Records provided:
◇ ◇ ◇ ◇ ◇

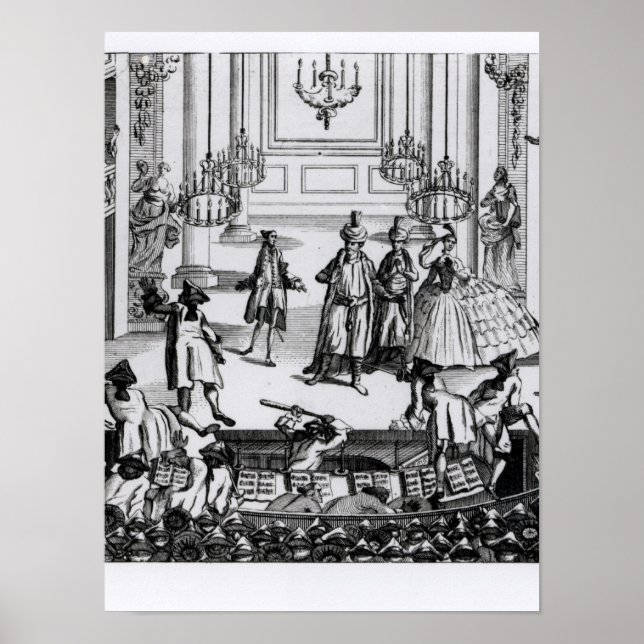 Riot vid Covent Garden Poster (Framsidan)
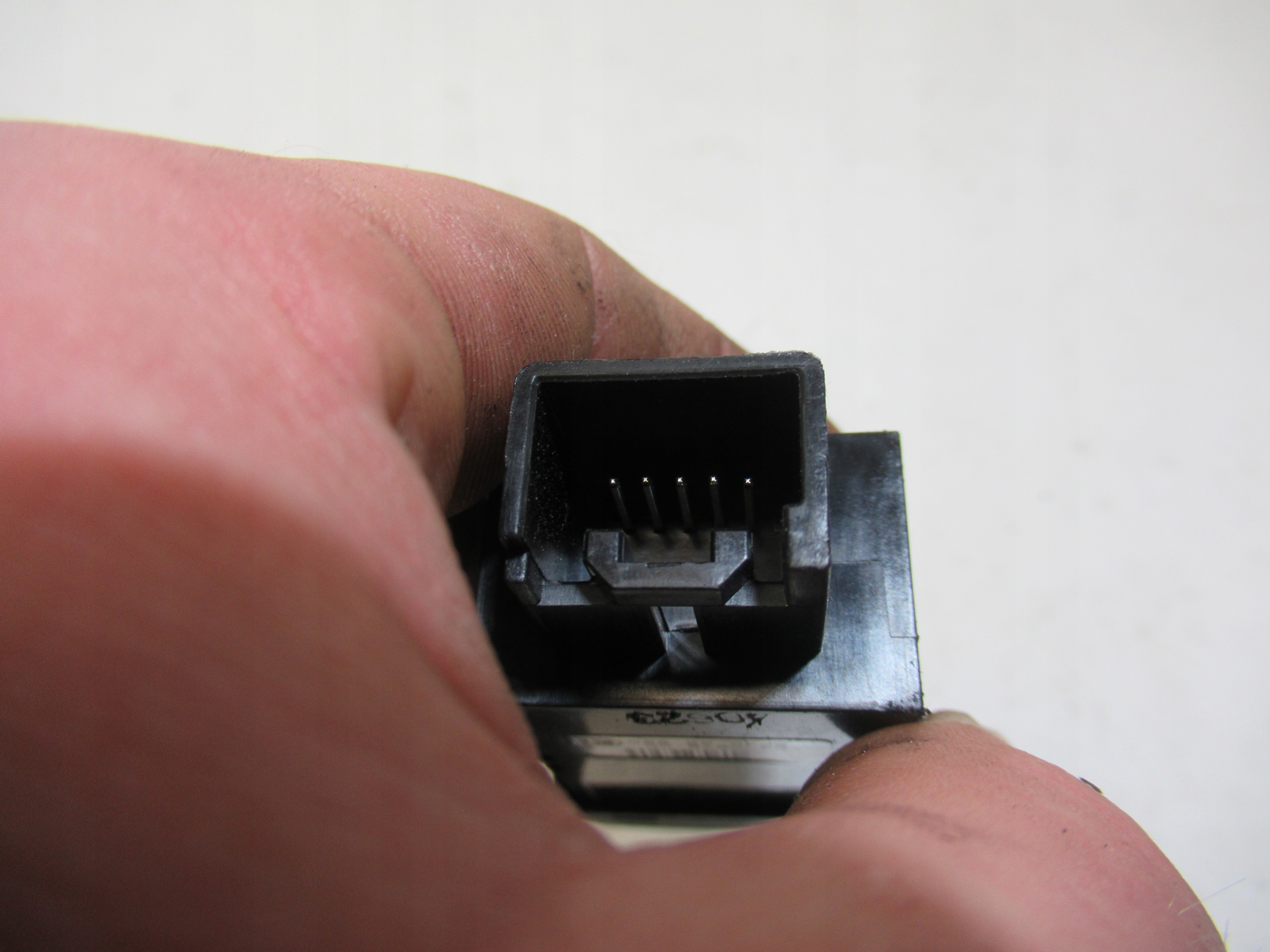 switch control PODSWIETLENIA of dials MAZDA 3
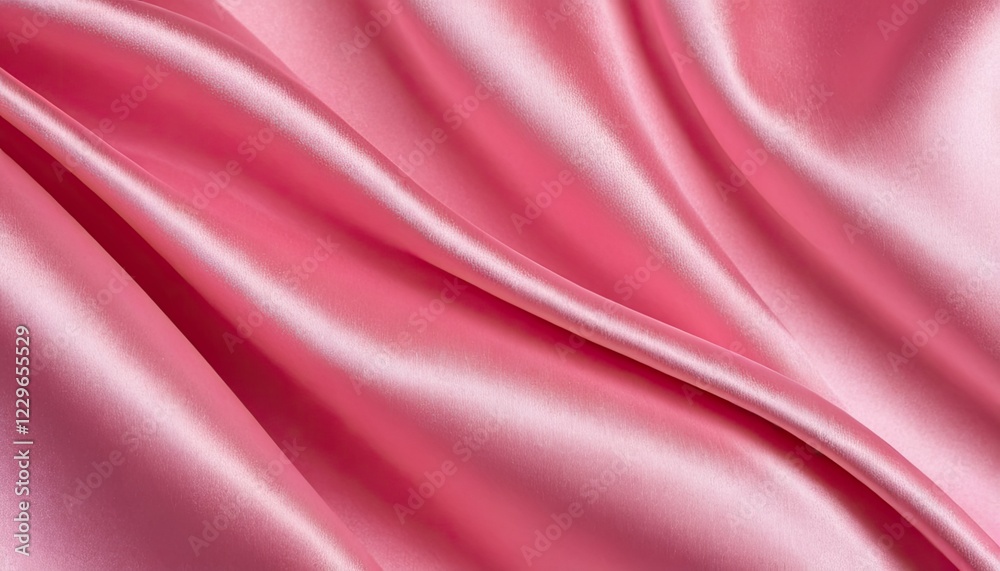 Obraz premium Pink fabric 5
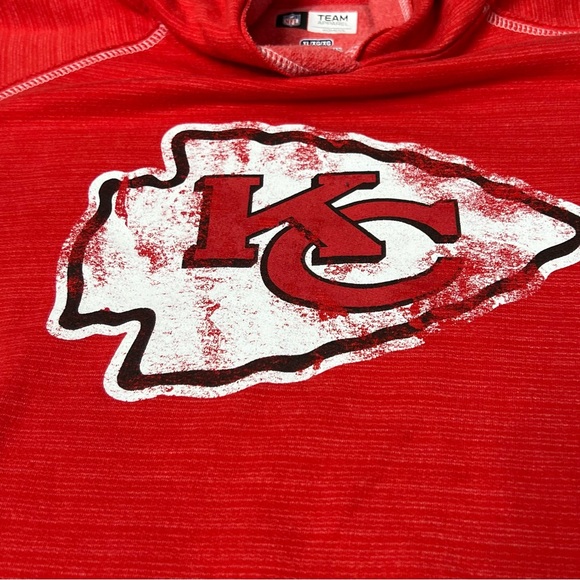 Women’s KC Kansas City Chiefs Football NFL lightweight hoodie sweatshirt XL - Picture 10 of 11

◇ ◇ ◇ ◇ ◇

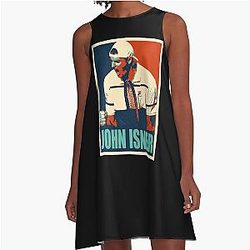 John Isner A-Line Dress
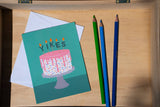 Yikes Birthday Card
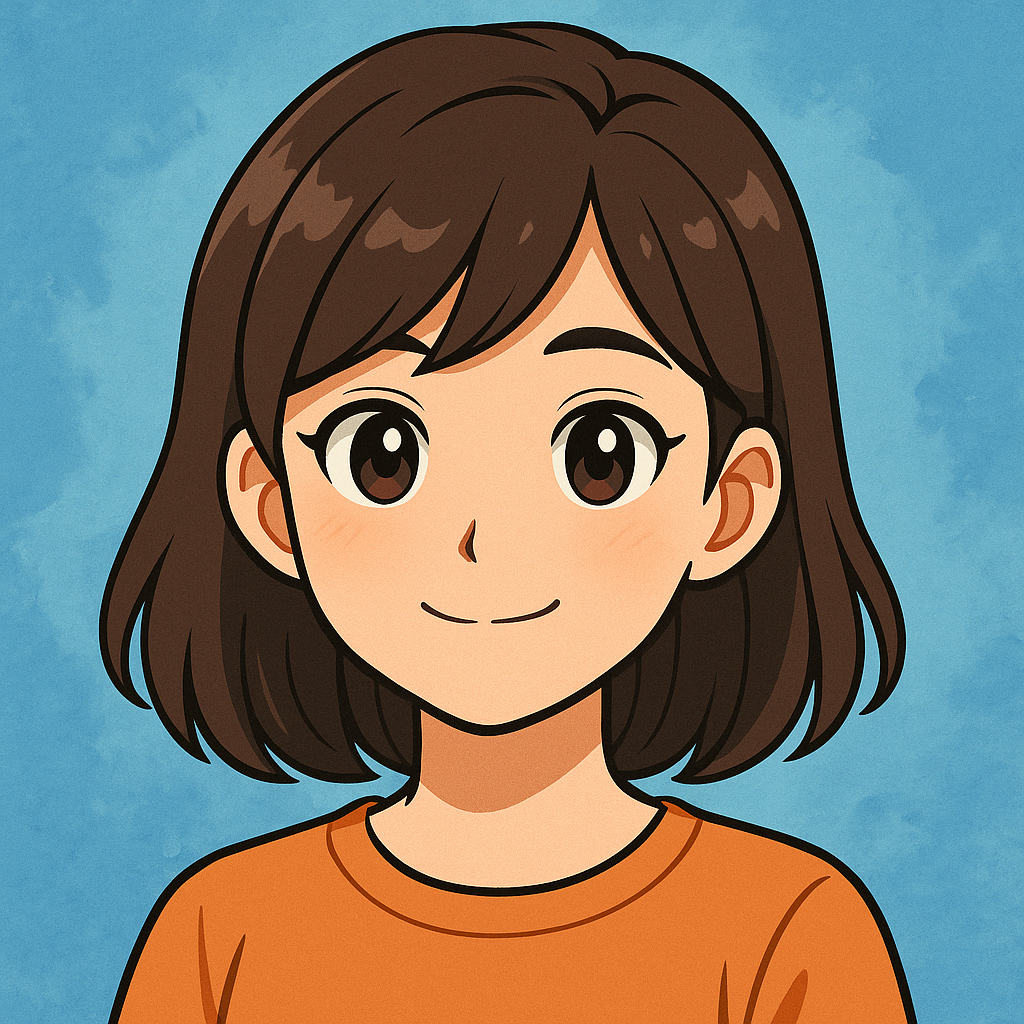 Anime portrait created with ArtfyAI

◇ ◇ ◇ ◇ ◇

What you will do: In the listing above, find the line with "Riot vid Covent Garden Poster (Framsidan)" and output it and every line after it up to and including the line with "Women’s KC Kansas", exactly, minus the pictures.

Reply to the exercise:
 Riot vid Covent Garden Poster (Framsidan)
 switch control PODSWIETLENIA of dials MAZDA 3
 Obraz premium Pink fabric 5
 Women’s KC Kansas City Chiefs Football NFL lightweight hoodie sweatshirt XL - Picture 10 of 11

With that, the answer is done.